Roberts, Darren Ma; Ray, John Eb; Buckley, Nick Aa

doi: 10.1097/QAD.0b013e3282f4a0dd

aMedical School, Australian National University, Canberra, Australia

bDivision of Clinical Pharmacology and Toxicology, SydPath, St Vincents Hospital, Sydney, Australia.

Received 7 November, 2007

Accepted 7 November, 2007

The prevalence of suicidal ideation in HIV-positive patients is high and overdose is an important and increasing cause of mortality, accounting for approximately 10–30% of all deaths in such patients [1,2]. Protease inhibitors are an established therapy for the treatment of HIV, but there is limited information regarding their safety in acute overdose. We report the first case, to our knowledge, of acute overdose with lopinavir/ritonavir.

A 47-year-old HIV-positive male presented to hospital 9 h postingestion of 270 lopinavir/ritonavir (200/50 mg) and warfarin-based rodenticide, equivalent to 54 g lopinavir, 13.5 g ritonavir and 8.25 mg warfarin. Moderate vomiting and diarrhoea was noted 4 h postingestion and, on arrival at hospital, he complained of vague abdominal pain with occasional vomiting and a headache. These symptoms resolved by 20 h postingestion with ondansetron, opiate analgesia and intravenous fluids. A fine diffuse erythematous and pruritic rash subsequently developed, which also resolved spontaneously. The international normalized ratio increased from 24 h postingestion and peaked at 2.4, 36 h postingestion. This resolved with 20 mg of oral vitamin K. Laboratory investigations were normal 48 h postadmission and he was discharged home following psychiatric assessment with no apparent sequelae.

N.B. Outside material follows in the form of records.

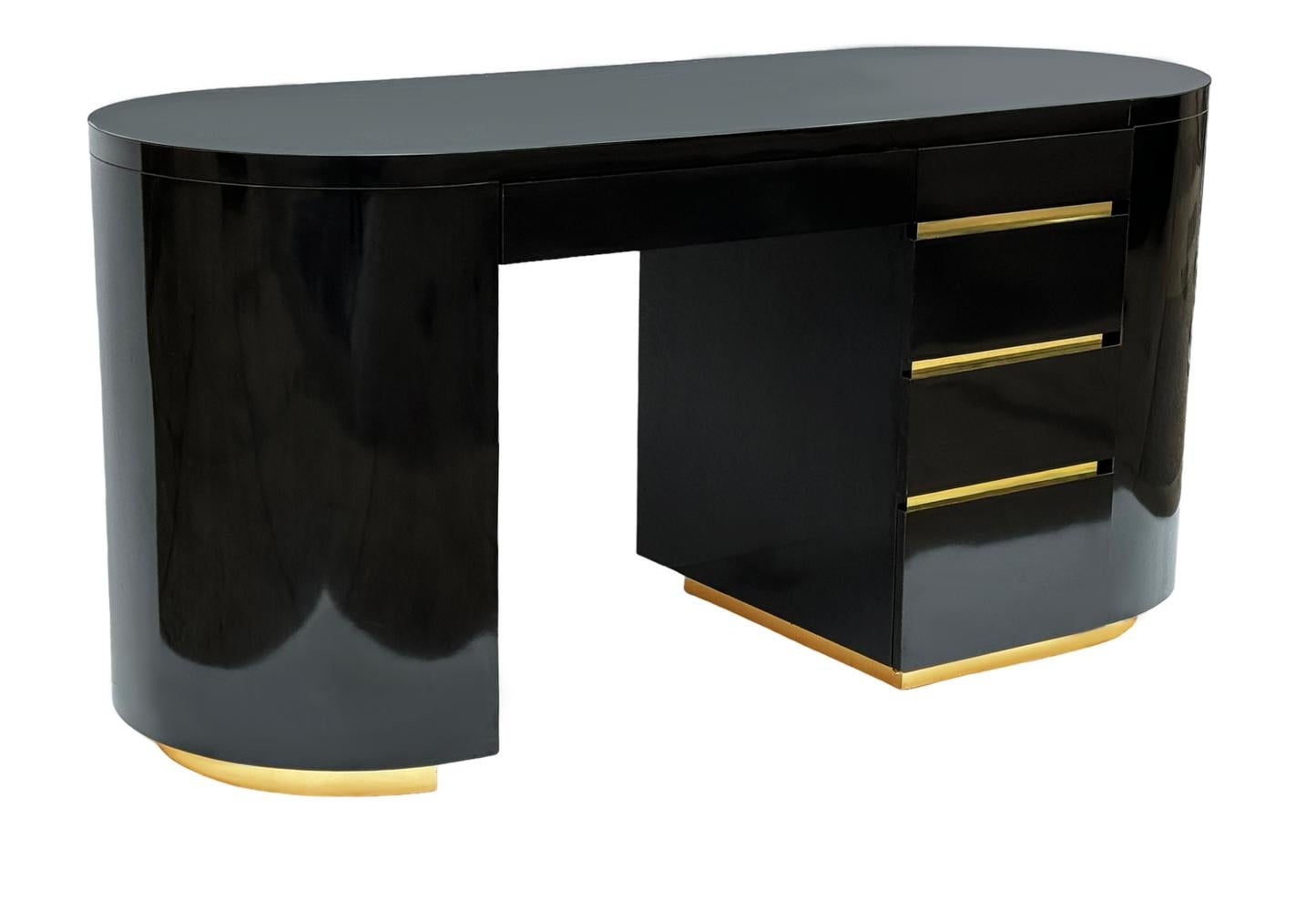 A simple modern nod to the art deco period. This desk features glossy black laminate with brass accents. Probably Italian circa 1980's. Nice clean original condition. 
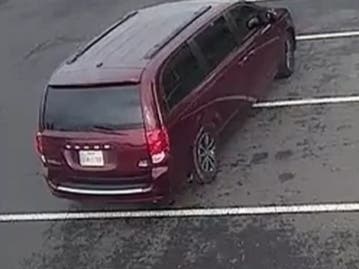 Witnesses told officers that they saw a maroon, Dodge minivan circling the parking lot several times before stopping.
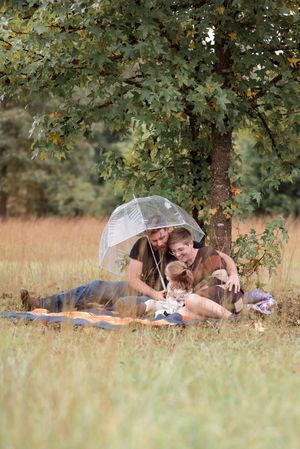 A clear umbrella provides shelter for a couple relaxing on a blanket under a leafy tree.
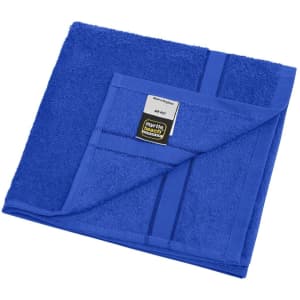 A blue hand towel with a textured surface and a label, folded neatly.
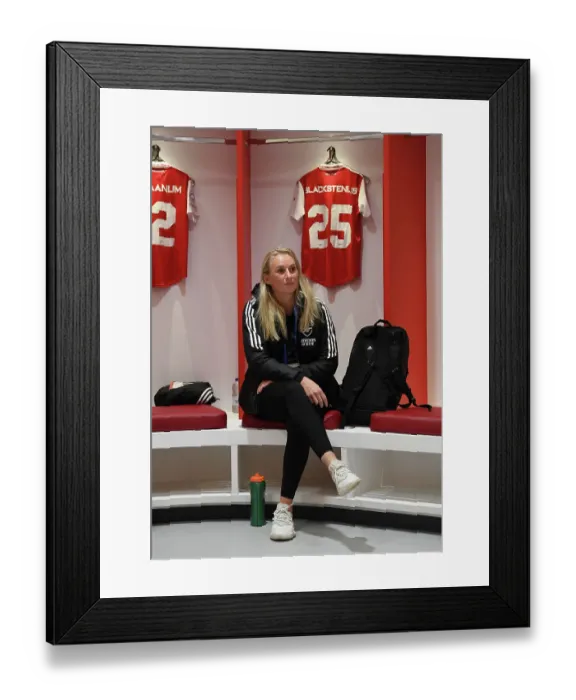Framed Print : Arsenal's Kaylan Marckese Gears Up in Emirates Stadium Changing Room Ahead of Champions League Clash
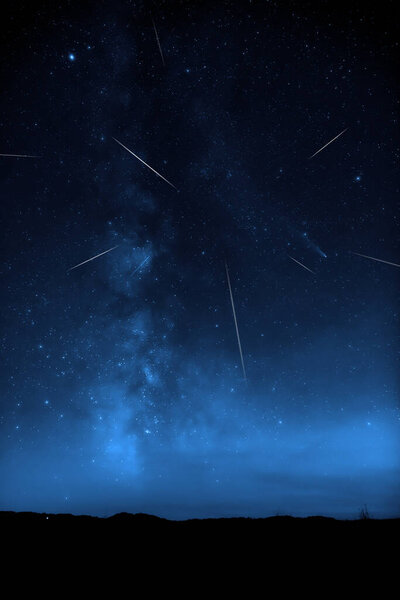 Milky Way stars and rural countryside silhouettes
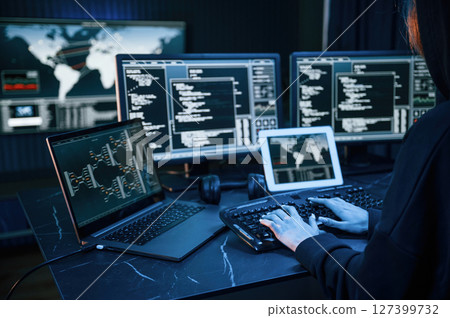Information on screens. Young professional female hacker is indoors by computer with lot of information on displays Information on screens. Young professional female hacker is indoors by computer with lot of information on displays 127399732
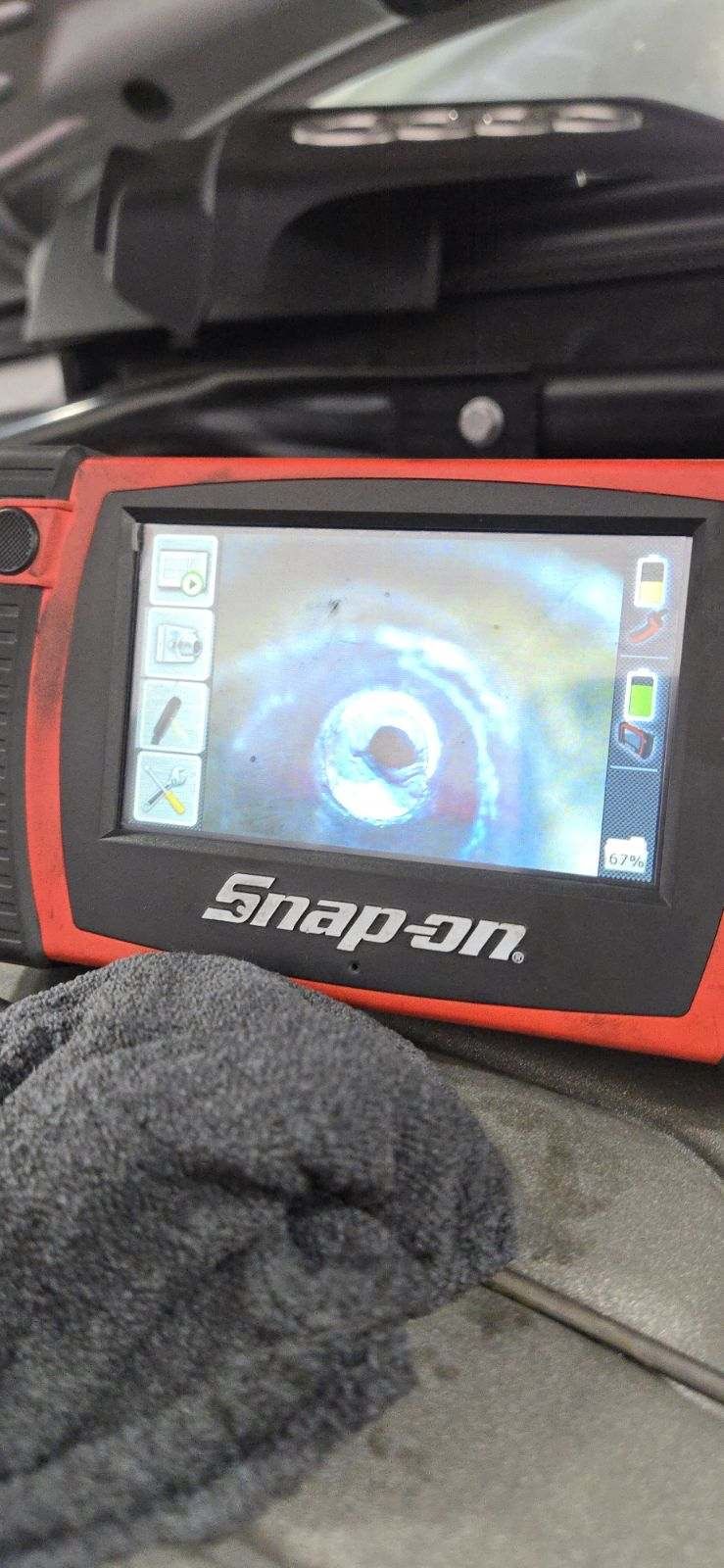Snap-on borescope screen showing a carbon-clogged Audi secondary air port before cleaning.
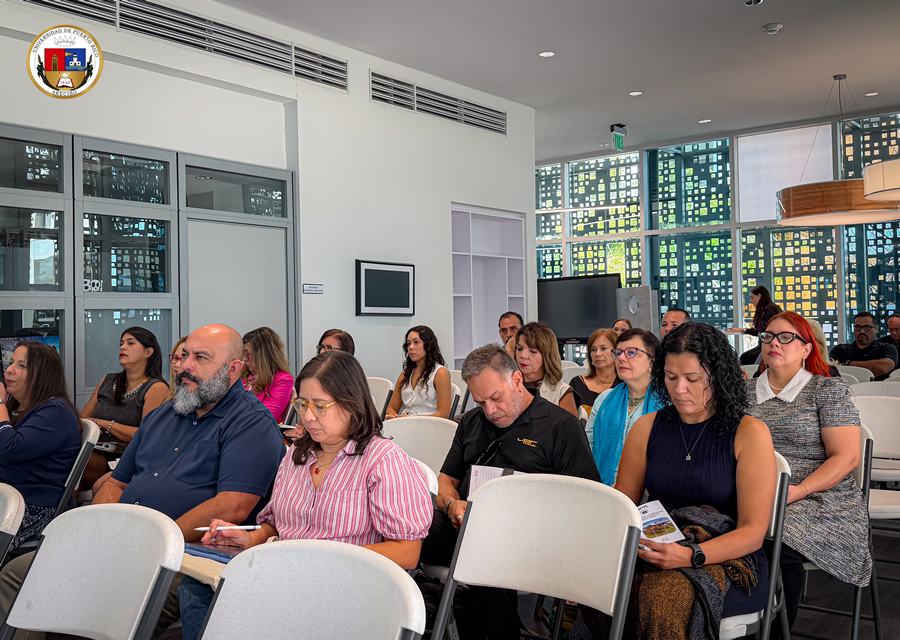 Fotografía de los asistentes a la Actividad Gerencial número 24 de la Universidad de Puerto Rico en Arecibo. Varias filas de personas adultas están sentadas en sillas blancas dentro de un salón moderno con grandes ventanales. Algunos participantes escuchan atentamente, mientras otros escriben en cuadernos o leen folletos. En primer plano destacan un hombre calvo con barba canosa, una mujer con blusa de rayas rosadas y blancas que toma notas, y una mujer de cabello rizado que consulta un folleto. El escudo de la Universidad de Puerto Rico aparece en la esquina superior izquierda.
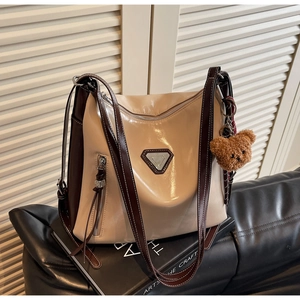 Detail of a beige and coffee crossbody bag with metallic triangle and plush bear charm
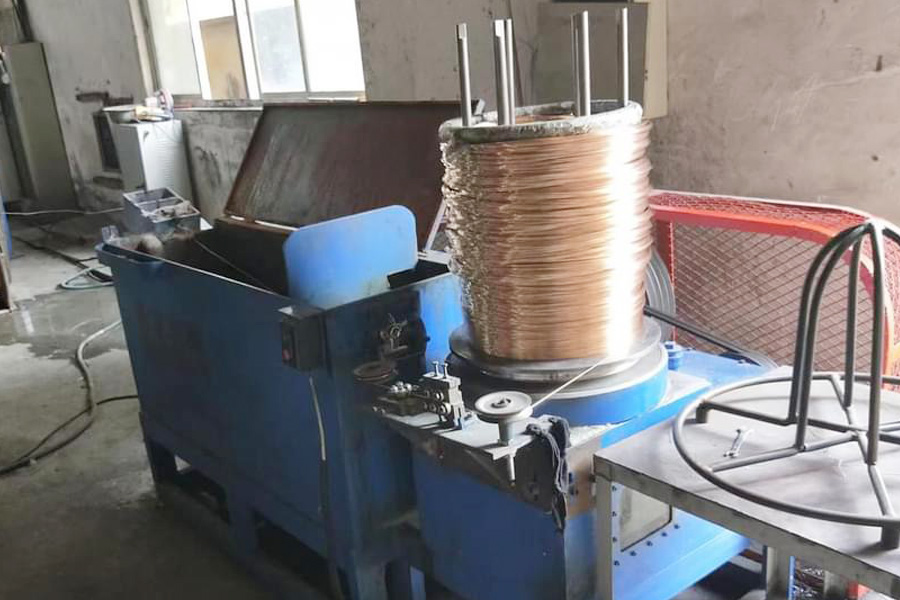 Industrial Winding Machine with a Large Copper Coil Ready for Insulation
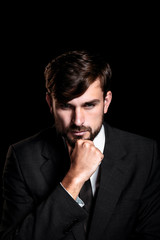 Handsome businessman on black background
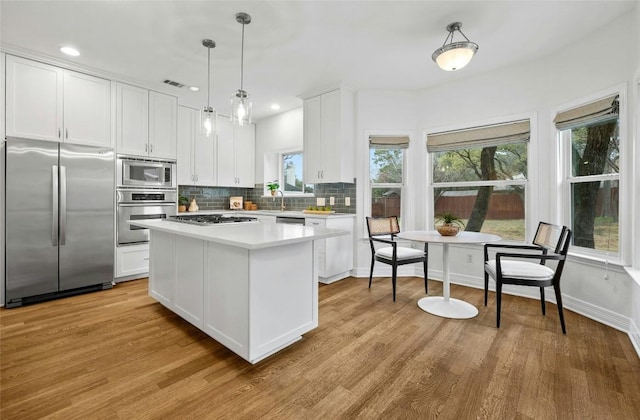 kitchen with light hardwood / wood-style flooring, white cabinetry, hanging light fixtures, backsplash, and built in appliances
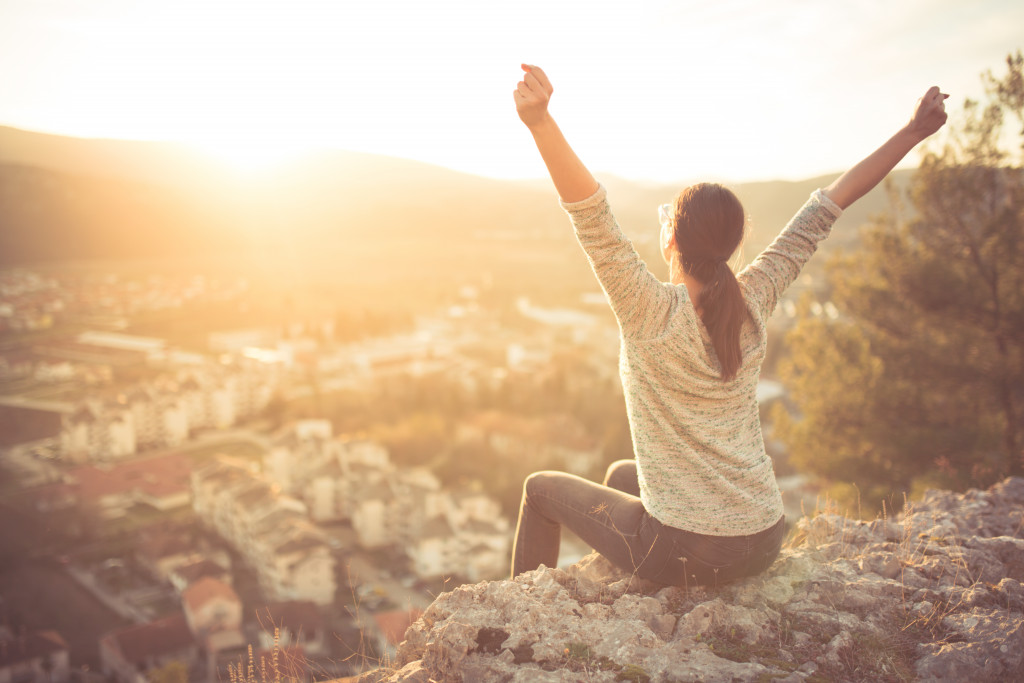 freedom concept, woman in a high place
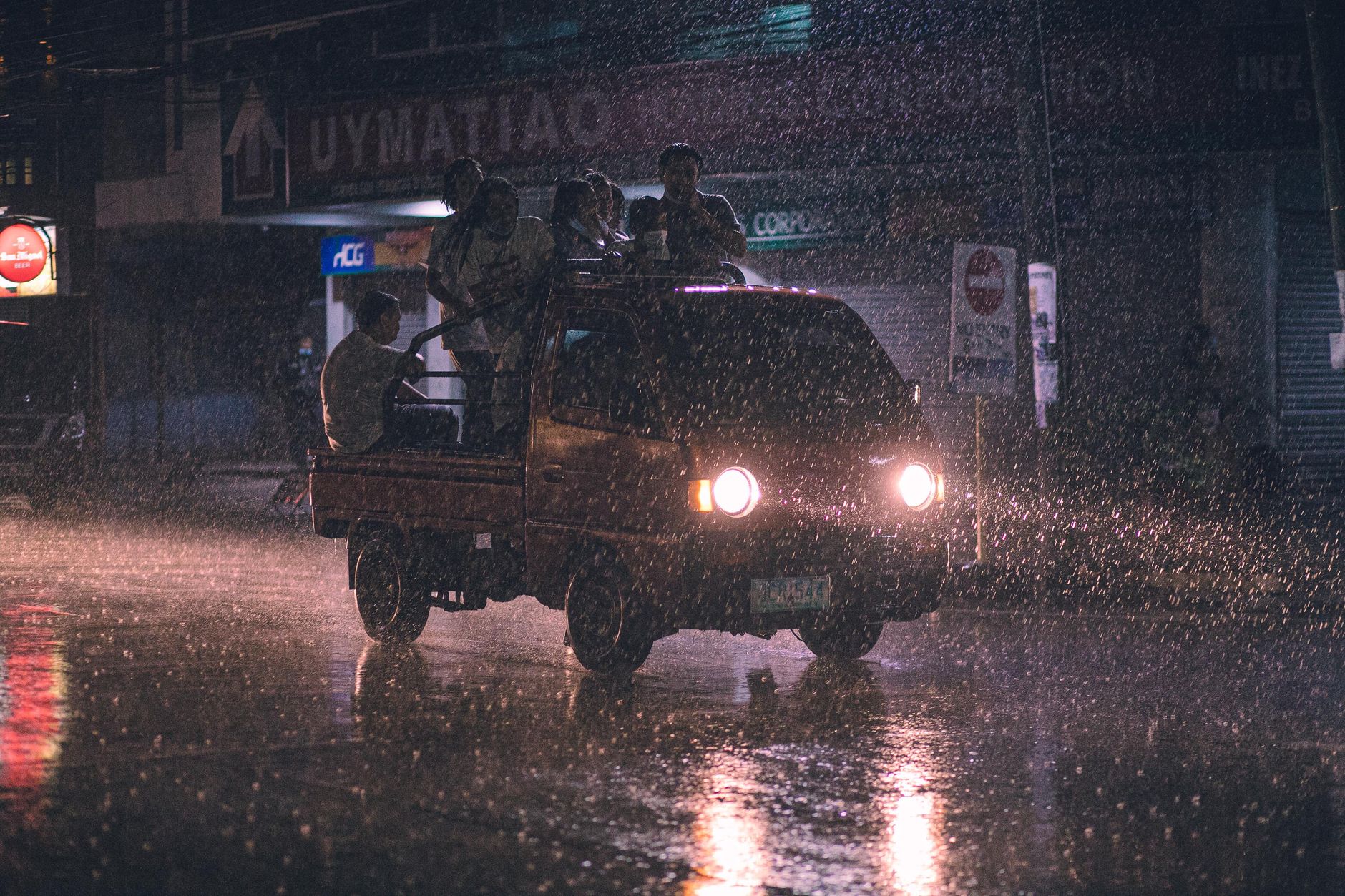 Heavy rain falls on an asphalt surface, demonstrating the need for weatherproof outdoor security robots with a high IP rating.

Admission plasma concentrations of lopinavir and ritonavir were 57234 μg/l and 25776 μg/l (lopinavir reference range = 5500–9600 μg/l [3]), which declined with half-lives of 17.1 h and 5.9 h, respectively (Fig. 1). Compared with therapeutic dosing, these half-lives are prolonged (5.8 h and 3.6 h, respectively [4]), particularly that of lopinavir, which probably relates to dose-dependent CYP3A inhibition by ritonavir [4]. The elimination of lopinavir is expected to be nonlinear, reflecting the decreasing ritonavir concentration, which complicates estimations regarding when maintenance therapy should be recommenced. Since clinical toxicity was limited in this patient, an accurate estimation of the rate of elimination may not be necessary; however, therapeutic drug monitoring may be useful for guiding this decision.

Fig. 1

Fig. 1

Therapeutic drug monitoring was performed 16 days postdischarge after re-institution of therapeutic dosing (three tablets twice daily). The plasma concentrations of lopinavir (8448 μg/l) and ritonavir (184 μg/l) were within the reference range.

An elevated international normalized ratio has not been reported previously for protease inhibitors and, given the co-ingestion of warfarin and rapid response to vitamin K, is unlikely to be related to these antiretrovirals. Only mild and self-limiting symptoms were noted in our patient and these were similar to the known dose-related side-effects of lopinavir/ritonavir [5]. On the basis of this single case report, outcomes are favourable from acute lopinavir/ritonavir overdoses.